Everyone in a community has a role. You may have several roles as parent, spouse, sibling, child, friend, employee, church member, or civil servant. Each of these roles is integral to the running of a smooth society. For example, by diligently raising children who love the Lord and have a commitment to good citizenship ensures you’ll be adding more people who use their voice to uphold their values and who support the community and fulfill their roles.
5. Appropriately honor your government.
When the Pharisees questioned Jesus on giving money to Caesar, Jesus told them to “render therefore unto Caesar the things which are Caesar’s; and unto God the things that are God’s” (Matthew 22:21). While this verse is specific to whether Christians should pay taxes—or tribute—to their governments, it does establish that, so long as it does not go against any other commandments or Christian principles, we should follow and obey our governments. We can do this by paying taxes, obeying the law, respecting elected officials, and using appropriate channels to make our voices heard about the decisions that matter to us.
Homeschool Civics Activities
Civic education should start early and continue throughout your children’s education. Even if you’re not using a dedicated civics course, you can use activities to instill civic principles and civic learning in your children to help them understand their role as citizens of their country.
- Volunteer programs.

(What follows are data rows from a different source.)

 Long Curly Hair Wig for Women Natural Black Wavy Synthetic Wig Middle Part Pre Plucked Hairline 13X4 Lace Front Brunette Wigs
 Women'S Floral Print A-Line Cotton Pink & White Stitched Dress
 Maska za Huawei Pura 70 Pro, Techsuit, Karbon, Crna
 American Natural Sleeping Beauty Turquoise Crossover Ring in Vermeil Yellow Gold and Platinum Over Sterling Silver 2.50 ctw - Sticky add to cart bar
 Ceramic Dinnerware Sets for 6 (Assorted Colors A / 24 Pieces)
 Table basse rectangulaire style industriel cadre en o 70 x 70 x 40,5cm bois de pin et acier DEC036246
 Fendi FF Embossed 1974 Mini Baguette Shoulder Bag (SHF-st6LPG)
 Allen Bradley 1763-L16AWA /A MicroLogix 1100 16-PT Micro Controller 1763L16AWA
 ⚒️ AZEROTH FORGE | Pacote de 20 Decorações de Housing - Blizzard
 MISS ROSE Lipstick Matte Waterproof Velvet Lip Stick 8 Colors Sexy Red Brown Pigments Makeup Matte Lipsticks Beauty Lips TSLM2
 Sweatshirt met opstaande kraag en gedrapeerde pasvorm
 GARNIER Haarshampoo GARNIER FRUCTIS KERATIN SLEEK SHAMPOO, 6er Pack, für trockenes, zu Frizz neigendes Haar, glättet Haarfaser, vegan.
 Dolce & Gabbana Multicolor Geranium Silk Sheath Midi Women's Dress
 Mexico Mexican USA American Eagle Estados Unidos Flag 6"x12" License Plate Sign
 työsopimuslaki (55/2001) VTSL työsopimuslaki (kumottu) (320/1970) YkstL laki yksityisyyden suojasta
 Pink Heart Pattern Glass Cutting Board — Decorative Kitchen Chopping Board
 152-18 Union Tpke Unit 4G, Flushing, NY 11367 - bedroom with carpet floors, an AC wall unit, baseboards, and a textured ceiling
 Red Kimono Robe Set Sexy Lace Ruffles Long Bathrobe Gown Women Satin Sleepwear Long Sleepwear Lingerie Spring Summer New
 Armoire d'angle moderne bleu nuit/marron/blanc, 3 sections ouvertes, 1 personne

Volunteer programs and volunteer efforts are great opportunities to instill civic responsibility in your children’s minds and hearts. Look for efforts that require time and effort rather than monetary or physical donations, and you can teach your children how to work for those in need.
- Mock elections. Holding a low-key mock election in your home, neighborhood, or co-op can help your students come to understand the value of voting and their role in making their voices heard for decisions that matter. You can also use democratic processes for low impact decisions around your home, like who does which chore and what games to play on game night.
- Political cartoons. Political cartoons have a long history of teaching about current events with light-hearted, witty comments. Your artistic—or non-artistic—students can try their hands at their own cartoons to help them express current events or political situations in their own words.
- Write letters or emails. Sending letters or emails to local representatives has long been an important method for voicing local concerns to city and state officials. Encourage your children to observe problems in their community and possible solutions that they can send to your local representative.
- Role play. Help your children to understand the role everybody plays in their communities by having them role play as adults in different roles. What are the duties and responsibilities that a police officer should observe? What are the duties and responsibilities that a doctor should observe? What are the duties and responsibilities that a pastor should observe? How are they different, and how do they complement each other?
- Use make-believe. Have your children practice imagining their own countries. What would the government look like? What would the people’s responsibilities under that government be? How would the country’s climate and available food sources affect the roles that the people would have? For instance, an agrarian society would be more heavily reliant on farmers, whereas a country that imports a large amount of their food would be more heavily reliant on people to transport goods and people who manage trades.